Unless you live under a rock, most people have at least one password in use. In reality, it’s more like most people have 20+ different accounts online that require a username and password! But we all know how hard it is to have a different and unique password for all of our accounts, and that’s why most people cheat. In fact, about 80% of people use the same password or a variation for more than one account!

So what? What’s the big deal with using the same password?

The real problem is cybercrime. To say it’s a problem is an understatement. Cybercrime is the most lucrative criminal activity in the world, passing illegal drugs in 2014. Hackers want your passwords, if they don’t have them already. Whether they’re stealing your passwords to sell on the dark web, to gain access to your system, or to blackmail you into paying a ransom, it’s a huge opportunity to gain money.

How do hackers steal your passwords?

There are so many ways, here are a few of the most common ways:

  1. Buying them on the dark web. You might have heard of the world’s biggest data breaches, including Facebook, Twitter, Microsoft, Capitol One, and more. Anytime there is a major data breach, the information is bought and sold on dark web marketplaces.
  2. Brute Force Attacks. These are automated guesses of billions of passwords a minute until the correct one is found.
  3. Key Logging. A program is downloaded onto your computer where a hacker is watching all your keystrokes as you type them.
  4. Manual Guessing. Personal information, such as name and date of birth can be used to guess common passwords.
  5. Social Engineering. Attackers use social engineering techniques to trick people into revealing passwords.
  6. Stealing Passwords. Insecurely stored passwords can be stolen – this includes handwritten passwords hidden close to the devices.
  7. Shoulder Surfing. Observing someone typing in their passwords.
  8. Searching. IT infrastructure can be searched for electronically stored password information.
  9. Interception. Passwords can be intercepted as they are transmitted over a network

 Given all this information, what are the best password security tips?

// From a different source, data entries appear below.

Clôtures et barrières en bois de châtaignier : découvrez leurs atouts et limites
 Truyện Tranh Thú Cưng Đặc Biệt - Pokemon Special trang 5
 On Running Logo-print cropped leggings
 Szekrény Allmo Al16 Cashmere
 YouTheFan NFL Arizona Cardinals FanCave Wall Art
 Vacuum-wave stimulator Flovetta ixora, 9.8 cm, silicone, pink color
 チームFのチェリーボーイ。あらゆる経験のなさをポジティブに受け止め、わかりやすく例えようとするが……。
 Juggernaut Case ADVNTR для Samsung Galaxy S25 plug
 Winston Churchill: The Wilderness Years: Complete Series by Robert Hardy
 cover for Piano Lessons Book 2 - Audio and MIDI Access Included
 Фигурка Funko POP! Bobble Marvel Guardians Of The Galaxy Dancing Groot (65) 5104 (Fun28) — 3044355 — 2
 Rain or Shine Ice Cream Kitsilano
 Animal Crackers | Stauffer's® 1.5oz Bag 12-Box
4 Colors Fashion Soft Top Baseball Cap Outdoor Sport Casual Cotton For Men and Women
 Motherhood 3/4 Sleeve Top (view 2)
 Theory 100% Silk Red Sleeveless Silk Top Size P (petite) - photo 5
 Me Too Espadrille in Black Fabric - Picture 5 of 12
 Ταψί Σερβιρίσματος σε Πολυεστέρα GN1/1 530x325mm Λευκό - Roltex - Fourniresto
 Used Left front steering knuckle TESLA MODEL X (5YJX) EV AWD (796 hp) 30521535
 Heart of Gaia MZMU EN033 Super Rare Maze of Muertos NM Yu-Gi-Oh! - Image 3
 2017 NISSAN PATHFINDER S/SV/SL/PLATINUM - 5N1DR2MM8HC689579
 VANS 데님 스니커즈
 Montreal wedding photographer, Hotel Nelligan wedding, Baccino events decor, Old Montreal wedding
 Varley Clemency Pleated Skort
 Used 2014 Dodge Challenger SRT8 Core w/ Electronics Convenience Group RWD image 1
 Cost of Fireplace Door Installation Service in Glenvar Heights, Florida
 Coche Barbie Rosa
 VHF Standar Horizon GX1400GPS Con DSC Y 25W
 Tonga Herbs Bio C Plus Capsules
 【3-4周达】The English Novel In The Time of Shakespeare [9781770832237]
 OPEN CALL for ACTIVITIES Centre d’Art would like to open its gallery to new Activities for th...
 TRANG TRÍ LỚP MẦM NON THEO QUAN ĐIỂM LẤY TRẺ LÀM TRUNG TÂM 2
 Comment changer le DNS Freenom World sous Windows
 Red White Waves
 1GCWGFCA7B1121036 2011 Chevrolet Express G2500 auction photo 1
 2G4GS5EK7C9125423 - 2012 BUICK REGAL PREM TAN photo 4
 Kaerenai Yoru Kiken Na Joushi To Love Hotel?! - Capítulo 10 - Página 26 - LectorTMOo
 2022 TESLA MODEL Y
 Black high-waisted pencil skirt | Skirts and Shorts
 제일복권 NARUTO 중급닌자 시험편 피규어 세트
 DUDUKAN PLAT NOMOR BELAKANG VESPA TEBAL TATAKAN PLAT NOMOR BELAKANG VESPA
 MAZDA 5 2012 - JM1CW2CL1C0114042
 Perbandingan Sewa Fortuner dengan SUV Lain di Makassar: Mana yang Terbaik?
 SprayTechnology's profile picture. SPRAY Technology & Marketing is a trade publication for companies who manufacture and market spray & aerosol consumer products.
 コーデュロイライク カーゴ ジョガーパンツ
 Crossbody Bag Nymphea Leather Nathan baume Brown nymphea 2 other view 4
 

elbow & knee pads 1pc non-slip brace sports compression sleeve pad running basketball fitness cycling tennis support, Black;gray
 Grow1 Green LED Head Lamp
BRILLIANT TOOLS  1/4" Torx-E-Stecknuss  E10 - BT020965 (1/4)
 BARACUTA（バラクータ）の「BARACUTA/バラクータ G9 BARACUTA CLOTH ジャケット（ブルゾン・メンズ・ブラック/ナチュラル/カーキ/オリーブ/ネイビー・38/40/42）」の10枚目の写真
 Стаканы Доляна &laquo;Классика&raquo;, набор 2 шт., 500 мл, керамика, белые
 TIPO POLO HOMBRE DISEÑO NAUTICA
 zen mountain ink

  1. Have a different UNIQUE password for every account. Minimum 8 characters in length, with a combination of letters, numbers and symbols. Some of the worst passwords we still see today: Password123, letmein, testtest, basketball, qwerty.
  2. Keep passwords tough to guess, where even a family member couldn’t figure it out. Do not use something from your everyday life like your family member’s name, a favourite sports team, or your gym you visit. Through social engineering, a hacker knows what you do and where you go on a regular basis, and the first passwords they’ll try will be about those details in your life.
  3. Change your passwords every 3-6 months. With all the data breaches that occur everyday to the major companies we trust; your passwords are already out there on the dark web being sold. It’s important to change your passwords every 3-6 months because the old ones the hacker already has are no longer in use.
  4. Use a password manager app to help create and secure passwords (KeePass, LastPass). This is a safe way to keep all your passwords in one place and encrypted. Some password managers can even create strong passwords for you and automatically load them for you.
  5. Enable two-factor authentication (2FA) for an additional level of security. Wherever you can, enable 2FA so when you’re logging into an account, a code is sent to a separate device that you own. It’s important that the code is sent to a SEPARATE device because a hacker could have access to your device, and a security code to the device they have access to is rendered useless. If you’re logging in on your laptop, have the code sent your phone, for example.